▶ _Brief_: Leaving out pictures, output exactly the lines below from the one that has "11 decorazioni floreali, cornice" through the one that has "fresh citrus slices", and nothing else.

▶ _Information shown_:
::::::::::

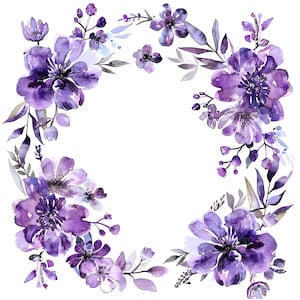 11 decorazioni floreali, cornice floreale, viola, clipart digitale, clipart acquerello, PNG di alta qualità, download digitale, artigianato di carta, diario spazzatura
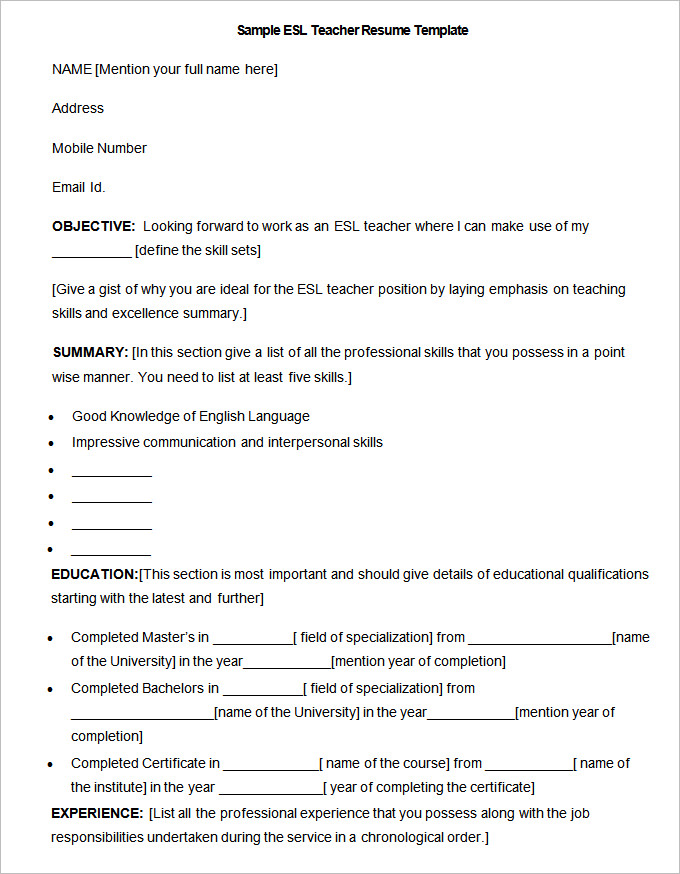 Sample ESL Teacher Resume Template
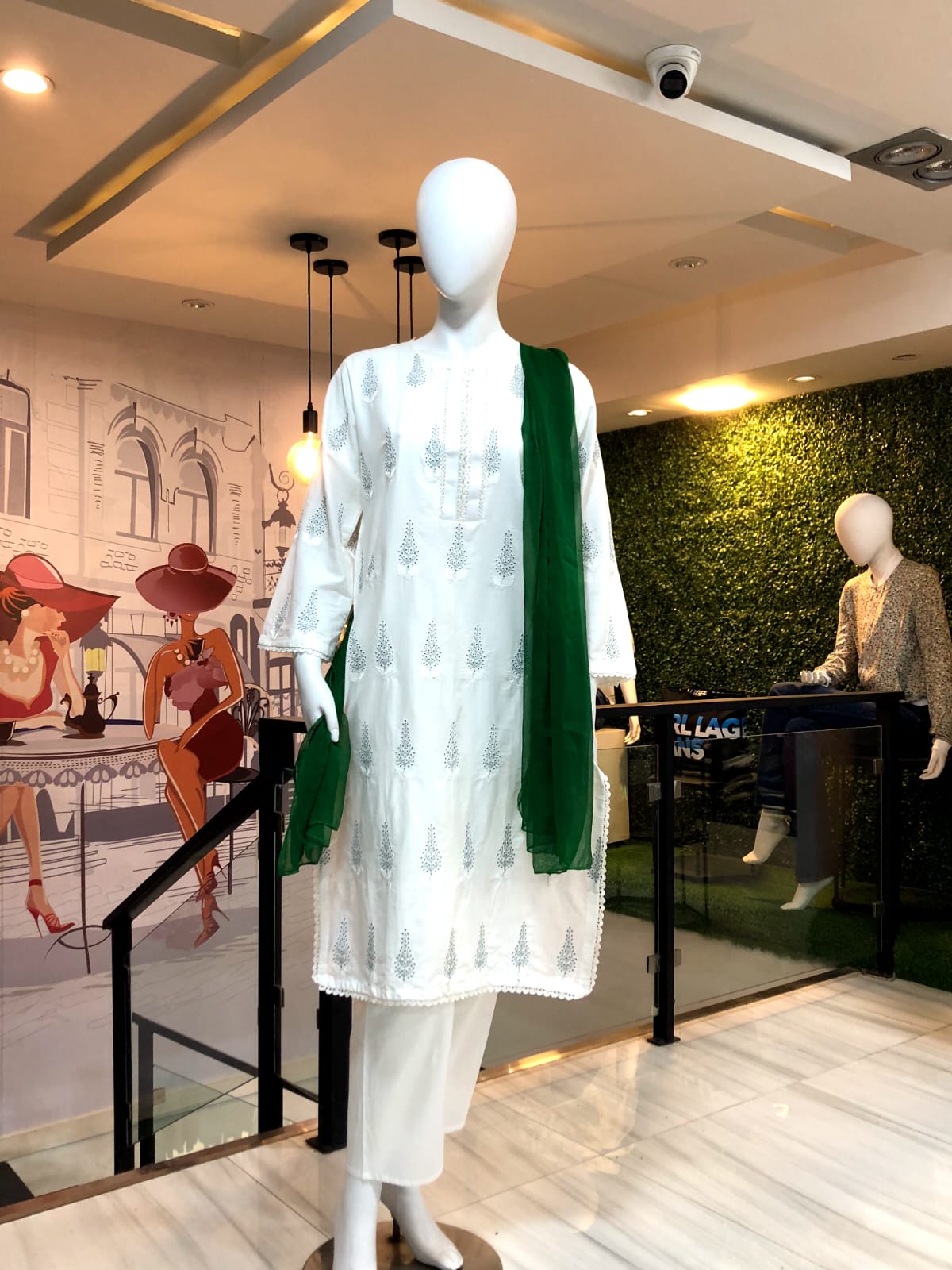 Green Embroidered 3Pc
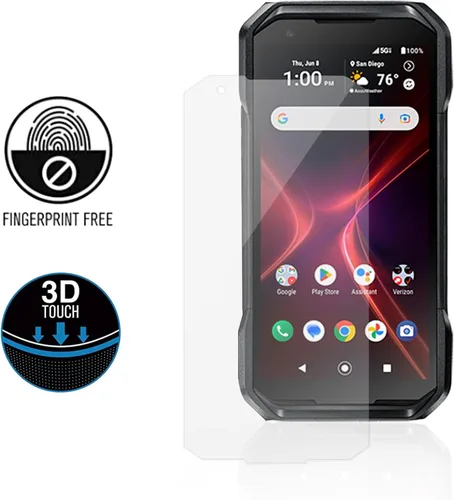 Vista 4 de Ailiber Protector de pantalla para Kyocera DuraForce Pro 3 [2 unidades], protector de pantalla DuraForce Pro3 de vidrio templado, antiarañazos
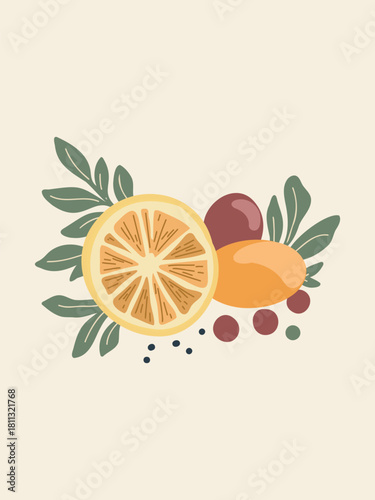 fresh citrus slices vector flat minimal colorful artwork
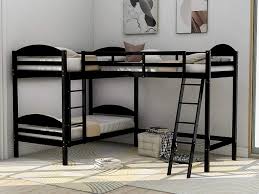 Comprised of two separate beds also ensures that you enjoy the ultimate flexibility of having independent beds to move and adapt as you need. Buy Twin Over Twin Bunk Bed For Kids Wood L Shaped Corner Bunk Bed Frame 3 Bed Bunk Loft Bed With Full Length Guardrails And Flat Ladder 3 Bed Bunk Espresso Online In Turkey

::::::::::

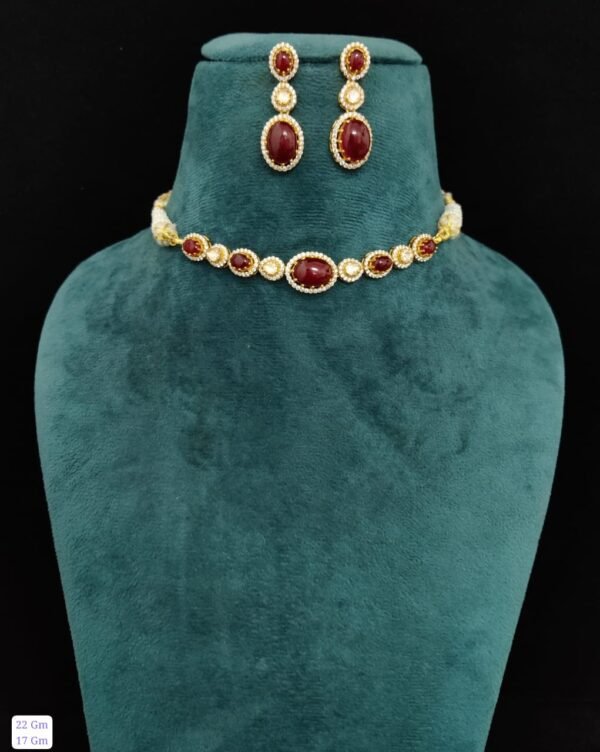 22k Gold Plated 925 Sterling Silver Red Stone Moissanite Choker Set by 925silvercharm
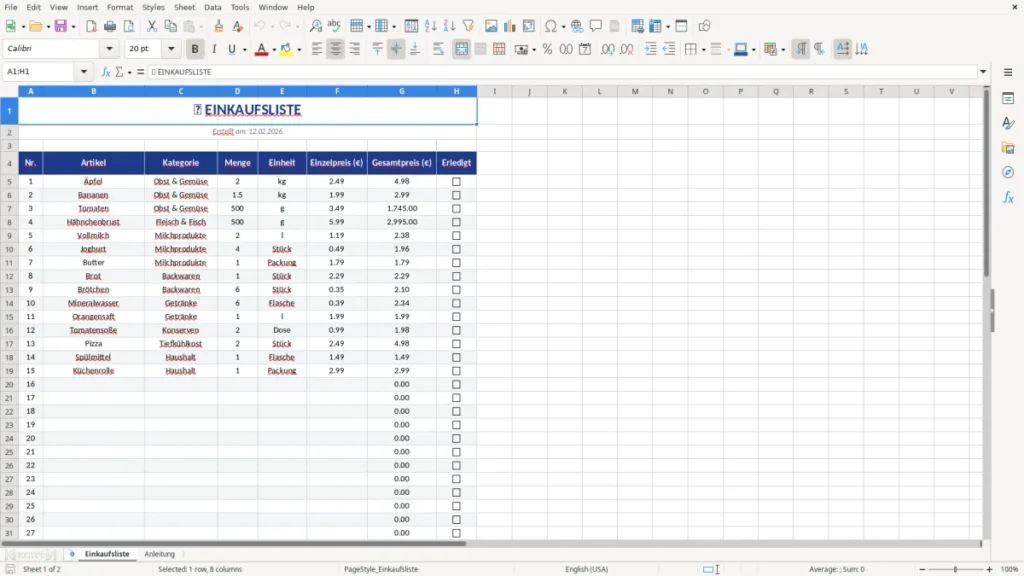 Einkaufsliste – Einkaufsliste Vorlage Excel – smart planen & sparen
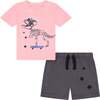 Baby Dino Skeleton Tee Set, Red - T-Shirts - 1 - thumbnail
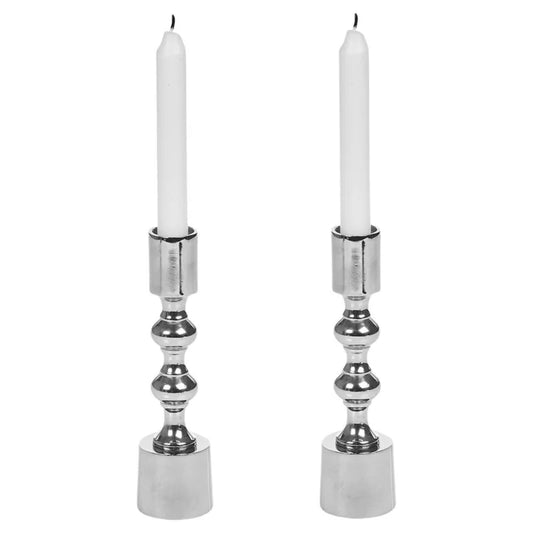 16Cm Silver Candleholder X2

::::::::::

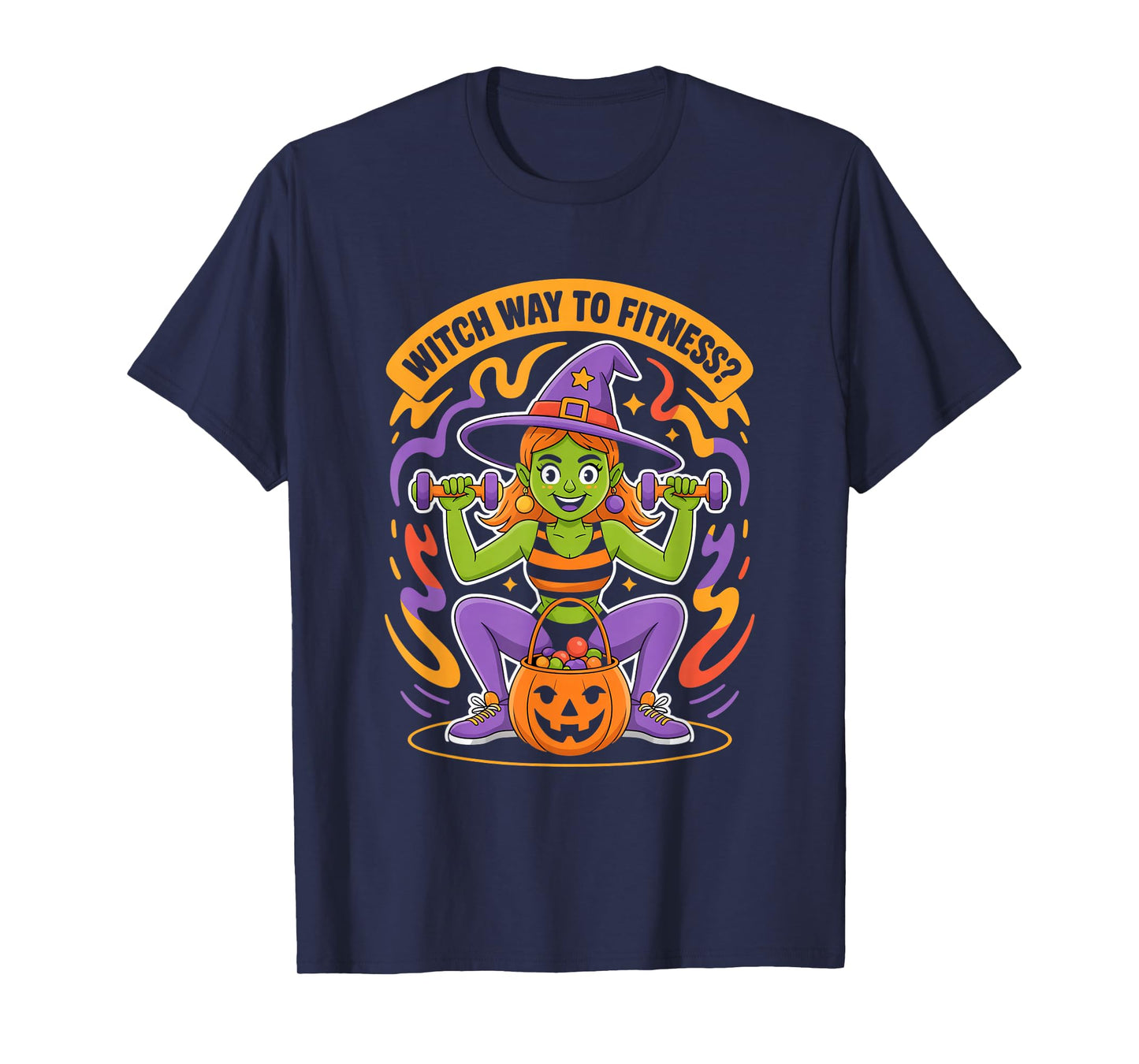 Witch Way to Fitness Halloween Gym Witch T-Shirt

::::::::::

▶ _Output_:
 11 decorazioni floreali, cornice floreale, viola, clipart digitale, clipart acquerello, PNG di alta qualità, download digitale, artigianato di carta, diario spazzatura
 Sample ESL Teacher Resume Template
 Green Embroidered 3Pc
 Vista 4 de Ailiber Protector de pantalla para Kyocera DuraForce Pro 3 [2 unidades], protector de pantalla DuraForce Pro3 de vidrio templado, antiarañazos
 fresh citrus slices vector flat minimal colorful artwork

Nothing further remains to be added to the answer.